[Opening Information shown section]
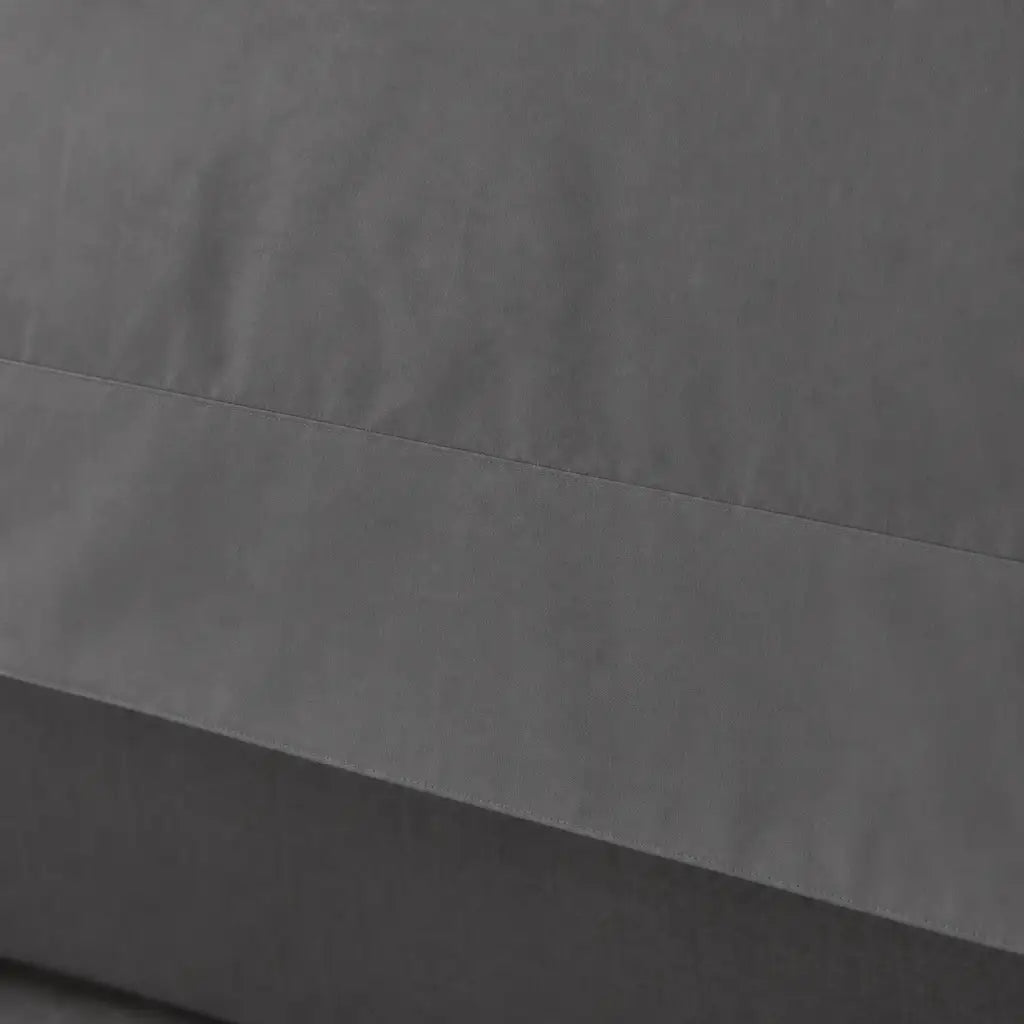 Grey Oxford duvet cover set - No Satin Stitch - close-up border - Linen and Co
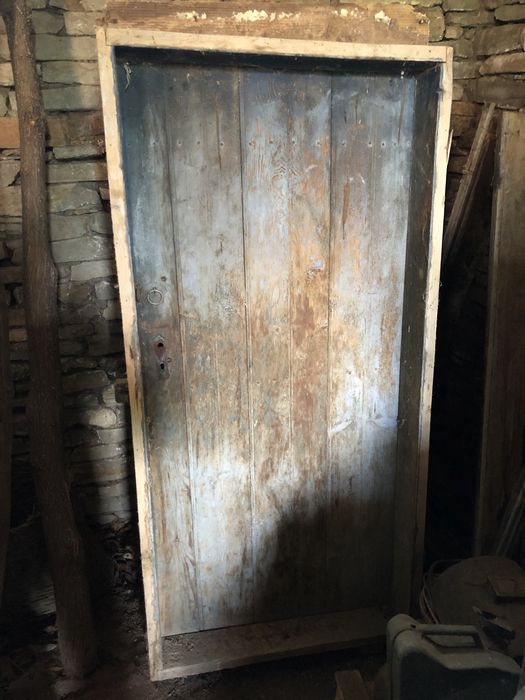 Врати и прозорци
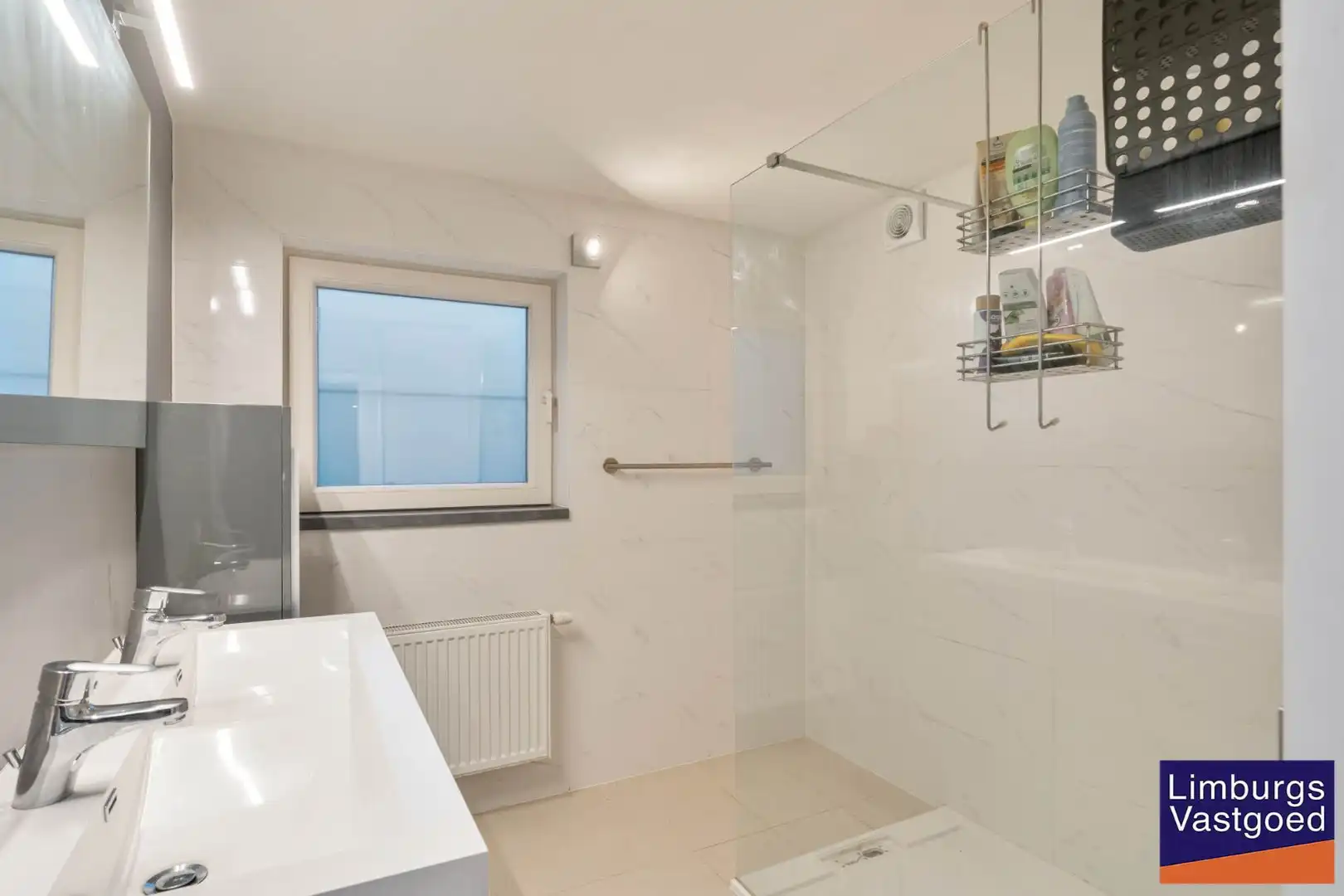 Stadswoning met 4 slpk, zuidgerichte tuin en garage, nabij kleine ring, station en Vredespark foto 14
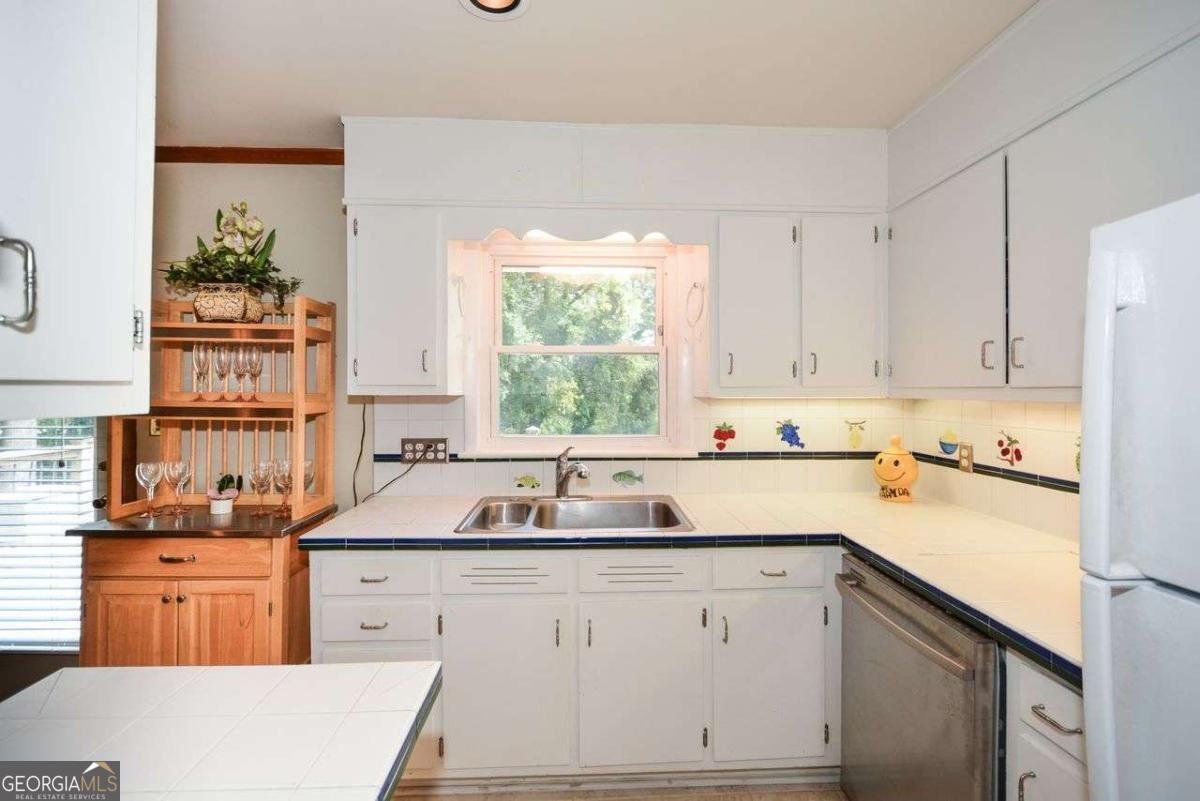 3811 Hurt Road Smyrna - 2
[Closing Information shown section]
What is needed: Print the material above word for word, and keep the pictures out of it.

Output for this exercise:
 Grey Oxford duvet cover set - No Satin Stitch - close-up border - Linen and Co
 Врати и прозорци
 Stadswoning met 4 slpk, zuidgerichte tuin en garage, nabij kleine ring, station en Vredespark foto 14
 3811 Hurt Road Smyrna - 2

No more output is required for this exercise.